Regression (last snapshot)

Ken Brown kbrown@cornell.edu
Mon Jul 29 13:18:00 GMT 2019


On 7/29/2019 4:45 AM, Corinna Vinschen wrote:
> On Jul 27 15:24, Ken Brown wrote:
>> On 7/27/2019 6:21 AM, Houder wrote:
>>> On Fri, 26 Jul 2019 22:12:43, Ken Brown  wrote:
>>>
>>>> On 7/22/2019 2:47 PM, Houder wrote:
>>>
>>>>> The specific regression as reported, has gone.
>>>>>
>>>>> 64-@@ uname -a
>>>>> CYGWIN_NT-6.1 Seven 3.1.0s(0.339/5/3) 2019-07-22 16:43 x86_64 Cygwin
>>>>> 64-@@ ls -lL <(grep bash .bashrc)
>>>>> pr-------- 1 Henri None 0 Jul 22 20:36 /dev/fd/63
>>>>
>>> Over all the behavior has simularity w/ the error reported by David Karr:
>>>
>>>       https://cygwin.com/ml/cygwin/2019-07/msg00150.html
>>>       ( Piping input from subprocess loses track of temp file )
>>
>> Thanks, I hadn't noticed that.
>>
>> The situation is more complicated than what I reported.  First, it happens even
>> in cygwin-3.0.7, as David Karr's report suggests.  Second, it's true that I can
>> only reproduce it under X11, but the pattern is not as regular as I thought.  I
>> just ran the ls command 1000 times in an xterm window under cygwin-3.0.7, and I
>> got the "Broken pipe" error 390 times, with a varying number of consecutive
>> successful runs between the errors.
>>
>> Repeating this under the 20190722 or 20190725 snapshots gave slightly worse
>> results (close to 500 errors).  Using my own unoptimized build of cygwin1.dll,
>> the error count went up to about 650.
> 
> I just tried this myself and I can't reproduce the problem.  1000 runs,
> no error.

Interesting.  And you ran this under X11 in an xterm window?
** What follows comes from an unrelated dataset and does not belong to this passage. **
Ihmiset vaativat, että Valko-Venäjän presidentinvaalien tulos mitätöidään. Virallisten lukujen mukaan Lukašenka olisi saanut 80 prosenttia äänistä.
>> I tried running under gdb, but I couldn't get grep to fail.  More precisely, I
>> didn't see an error message from grep.  Every run looked like this:
>>
>> $ gdb bash
>> GNU gdb (GDB) (Cygwin 8.2.1-1) 8.2.1
>> [...]
>> (gdb) r -c 'ls -lL <(grep bash .bashrc)'
>> Starting program: /usr/bin/bash -c 'ls -lL <(grep bash .bashrc)'
>> [...]
>> pr-------- 1 kbrown None 0 2019-07-27 11:07 /dev/fd/63
>> [...]
>> [Inferior 1 (process 21712) exited normally]
>>
>> It would be better to be able to debug ls and/or grep, but I don't know how to
>> get to subprocesses in gdb.  And I think I have to start with 'gdb bash' in
>> order for the process substitution to happen.
> 
> Yeah, subprocess debugging is a problem in GDB.  Given how this works,
> you can at least take grep out of the picture.  Bash is doing all the
> lifting, so it's just bash and ls.   Did you try to reproduce this under
> strace?

Yes, but there I get an error (even under mintty) for a different reason:

$ strace -o trace.out ls -lL <(grep bash .bashrc) 
ls: cannot access '/dev/fd/63': No such file or directory

The strace output shows a call to fhandler_process::exists on /proc/45036/fd/63; 
here 45036 is the PID of 'ls'.  And then I see an EBADF error.  But I think 
what's happening here might be that bash is parsing '<(grep bash .bashrc)' too 
soon, so that '/dev/fd/63' isn't related to the 'ls' command.

By the way, I've just tried a different experiment, in which I simplify the ls 
command to 'ls <(grep bash .bashrc)'.  When I run this under xterm, I get the 
broken pipe error 98% of the time or more.  But it's fine under mintty.